The trouble with "Hancock" is that its wry, reflexive commentary on the pressure of being Will Smith gets lost in the more typical reflexivity of the big-budget Hollywood fiasco: It turns into a movie about how hard it is to make a decent movie, no matter how good the starting concept is. Somewhere along the line, this train crashed -- which is why it's so dismally appropriate that "Hancock" leads off with an early staging of an actual train wreck. The film wreck is so awful, and so slow to develop, that as you watch you have plenty of time to guess what, or who, went wrong here. Which one of the credited screenwriters -- Vy Vincent Ngo or Vince Gilligan -- is more responsible for the moronic script elements that finally and completely ruin an excellent premise about an antisocial drunken bum who's also a highly damage-prone superhero? Which superstar with an amazing track record of hit movies really should have given up his embarrassing producer credit on this fiasco? We all know the answer to that one: Will Smith -- though it may be that all he wanted was the chance to do this hugely satisfying star turn as the world's angriest, most powerful and least "presentable" black man.

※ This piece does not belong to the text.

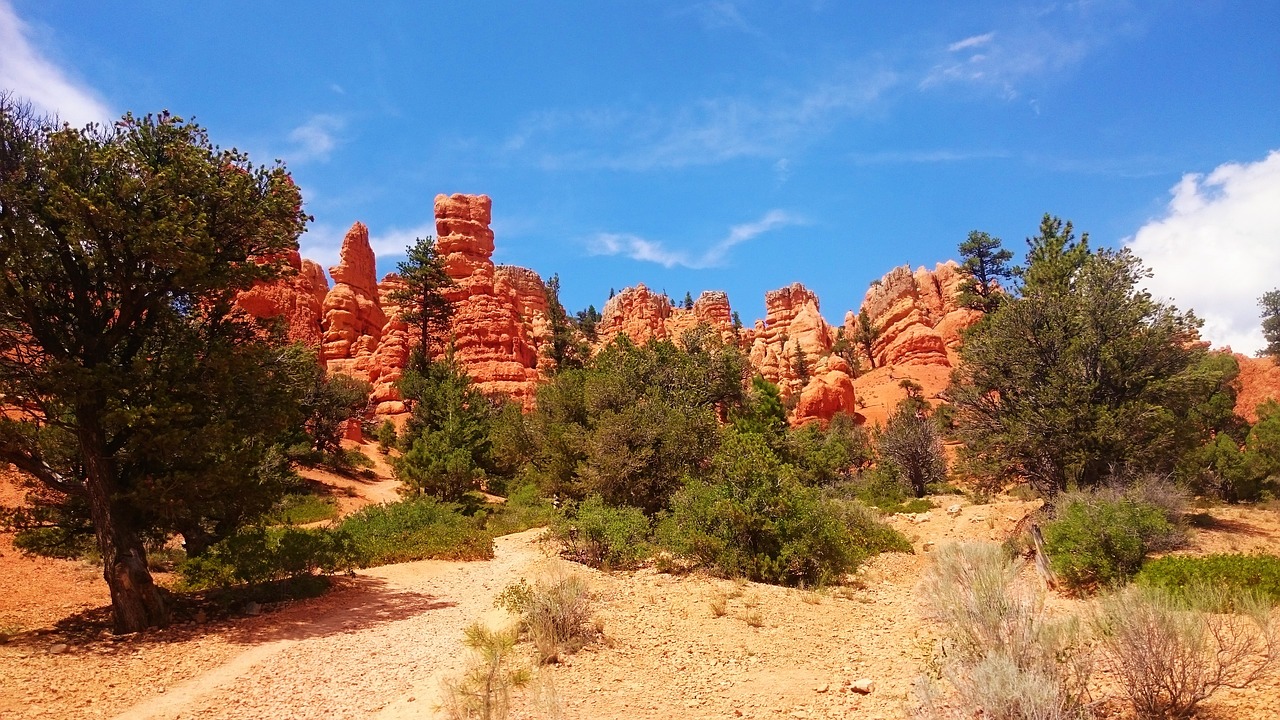 tree mountain desert free photo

To be fair, Smith's surly Hancock isn't the only joy in the film. There are a few sunny scenes early on in the movie that showcase the nicely synchronized comedic skills of Smith and Jason Bateman (star of the dearly departed "Arrested Development"), as overeager PR man Ray Embrey, who is determined to "rebrand" Hancock for the disgruntled public. They're allowed, in a quiet interlude when Director Peter Berg is, perhaps, sleeping it off in his trailer, to do their amusing work unimpeded by camera shots angled up their noses and other distractions. Unfortunately, this brief idyll is interrupted by a rapid series of catastrophic plot twists. The twists mostly concern the character of Ray's wife Mary, played by Charlize Theron, but I can't describe them because of the Spoiler Prohibition Act of 1936. Also because you wouldn't believe me anyway -- that's how surprising they are. I guarantee your jaw will drop, right before you throw your hands up in disgust, spilling your popcorn.

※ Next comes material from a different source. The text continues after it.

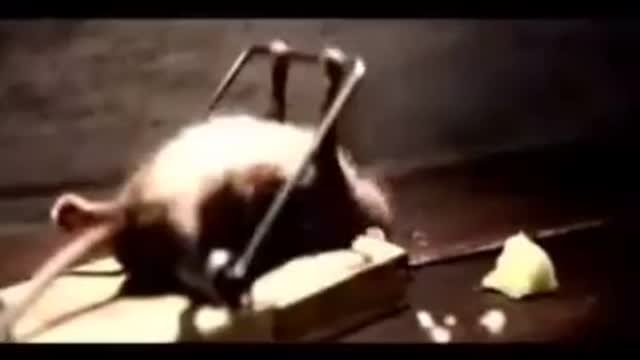 Can't stop laughing animals 🐈😺 Cute #13💋🥺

While all this deranged footage was unspooling, I thought what a shame it was that the people responsible for this mess couldn't keep it together long enough to do justice to the inspired casting that reconfigured an already good concept in such a promising way. The scenes of the "rebranding" of Smith's Hancock by Bateman's PR man, for example, with their anxious makeover tutorials on proper grooming, clothing, and above all, public manners, fairly vibrate with the cultural memory: Jackie Robinson in the '40s, chosen to break the color barrier in baseball as much because of his clean-cut good looks and quiet, contained manner as his remarkable skills as a player, and coached into maintaining unflinching calm in the face of every kind of taunt, insult and death threat. Sidney Poitier in the Civil Rights Era, mocked as "the Ebony Saint" for the impossible perfection of his face, voice, clothes and bearing, as well as the saintly characters he knew he had to play. And today, Obama, so accomplished at presenting his impeccable persona that it began to interfere with his ability to come across as "human," resulting in the odd announcement, "I am not a perfect man." When Smith, as Hancock, makes a statement to the press promising to the public he'll reform and "be better" than the superhero he already is, but asking for understanding because "I'm the only one of the my kind," there's a long echo back down the straggling line of historic figures who "transcended race" before him.